[[ Given information open ]]

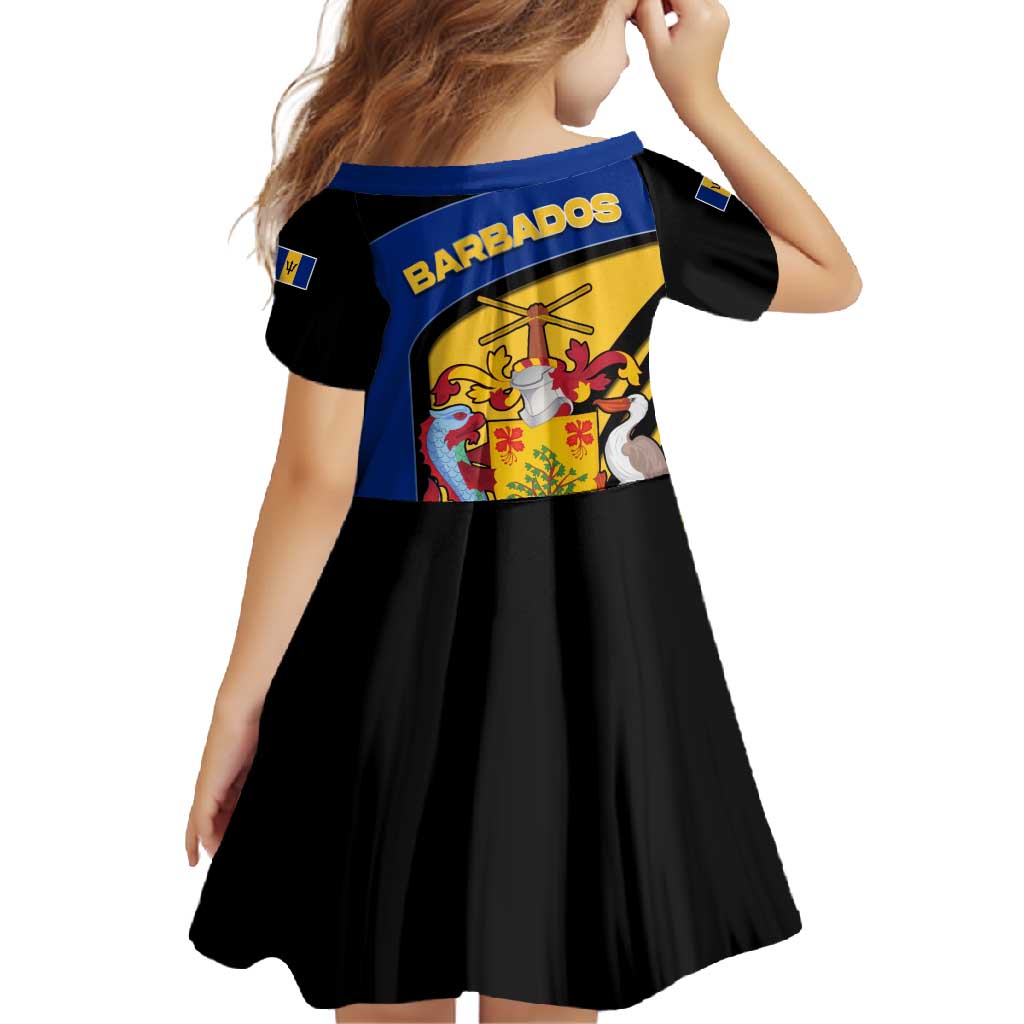 Barbados Flag and Coat of Arms Family Matching Off Shoulder Maxi Dress and Hawaiian Shirt Blue Yellow Black Design with National Symbols - Wonder Print Shop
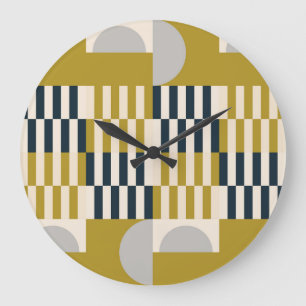 Modern geometric, retro Scandinavian pattern Large Clock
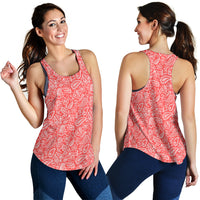 Women's Racerback Tank - Coral and White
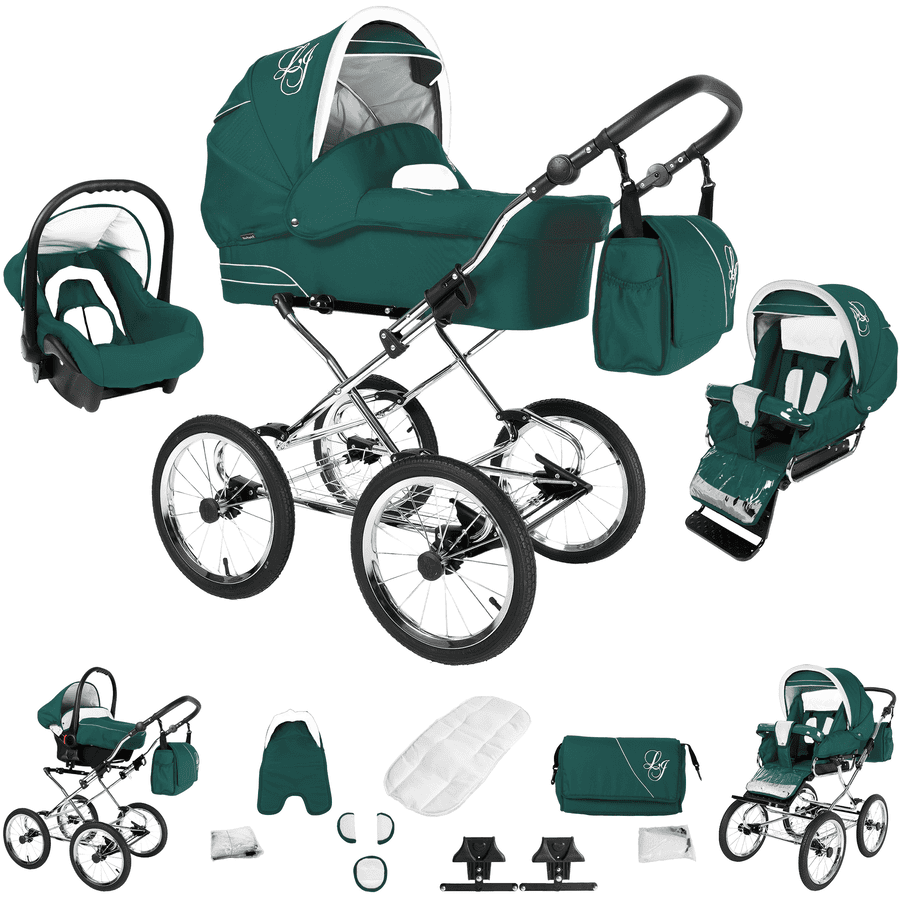 Bebebi Loving | 4 in 1 Kinderwagen Komplettset | ISOFIX Basis | Nostalgie Kinderwagen Grey Ardent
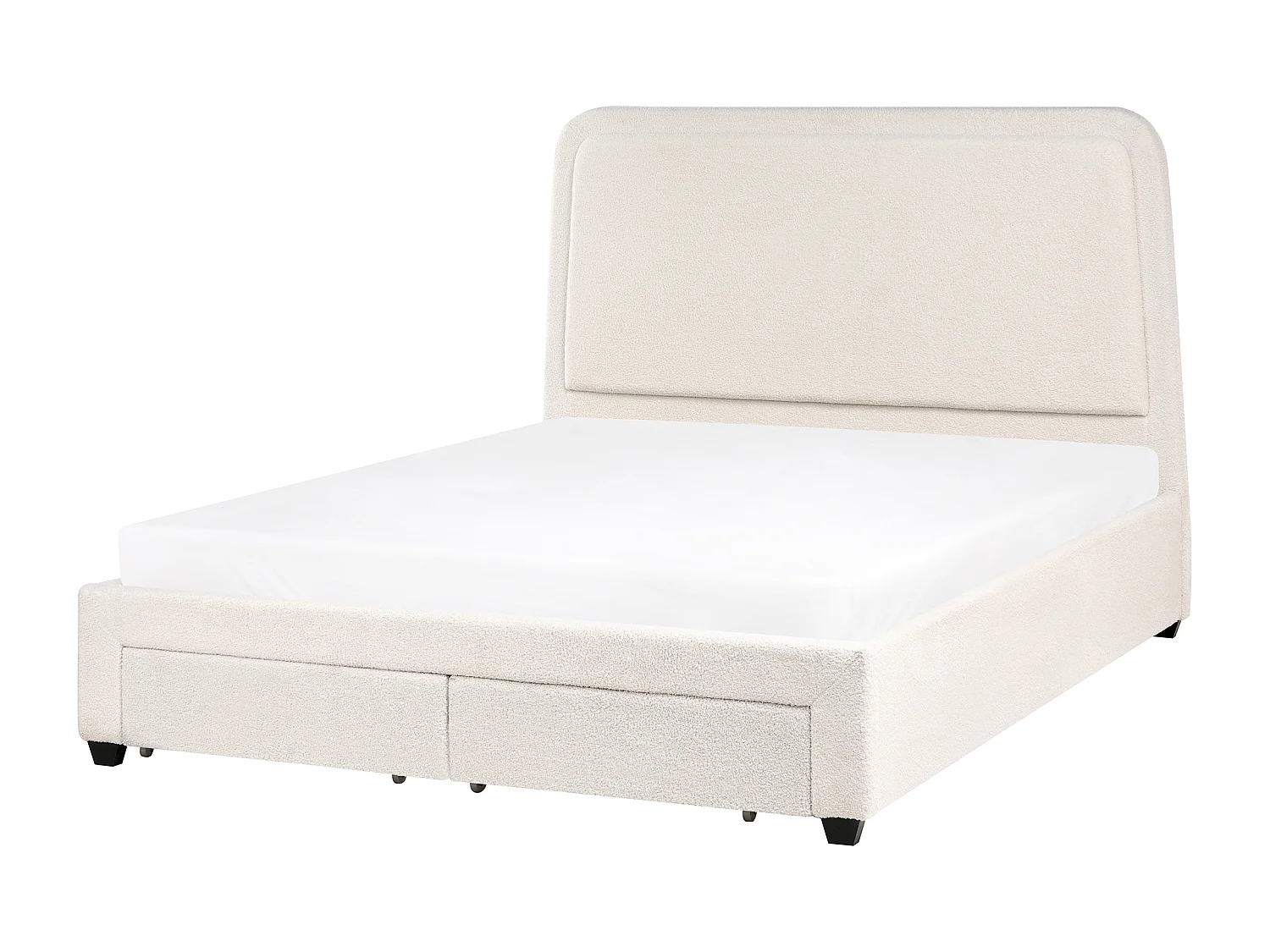 Lit avec tiroirs de rangement Bouclé SARDENT 160 x 200 cm Blanc cassé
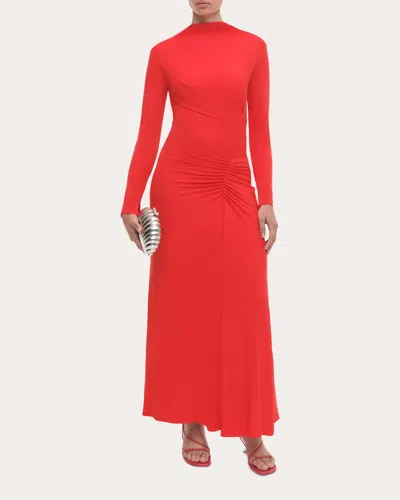 Simkhai Women's Ferrera Draped Jersey Midi Dress In Red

[[ Given information closed ]]

Task instructions -> Provide the lines again, unchanged, from where the data above begins through the line containing "Bebebi Loving |", both ends included, omitting pictures and adding nothing.

Exercise response ->
 Barbados Flag and Coat of Arms Family Matching Off Shoulder Maxi Dress and Hawaiian Shirt Blue Yellow Black Design with National Symbols - Wonder Print Shop
 Modern geometric, retro Scandinavian pattern Large Clock
 Women's Racerback Tank - Coral and White
 Bebebi Loving | 4 in 1 Kinderwagen Komplettset | ISOFIX Basis | Nostalgie Kinderwagen Grey Ardent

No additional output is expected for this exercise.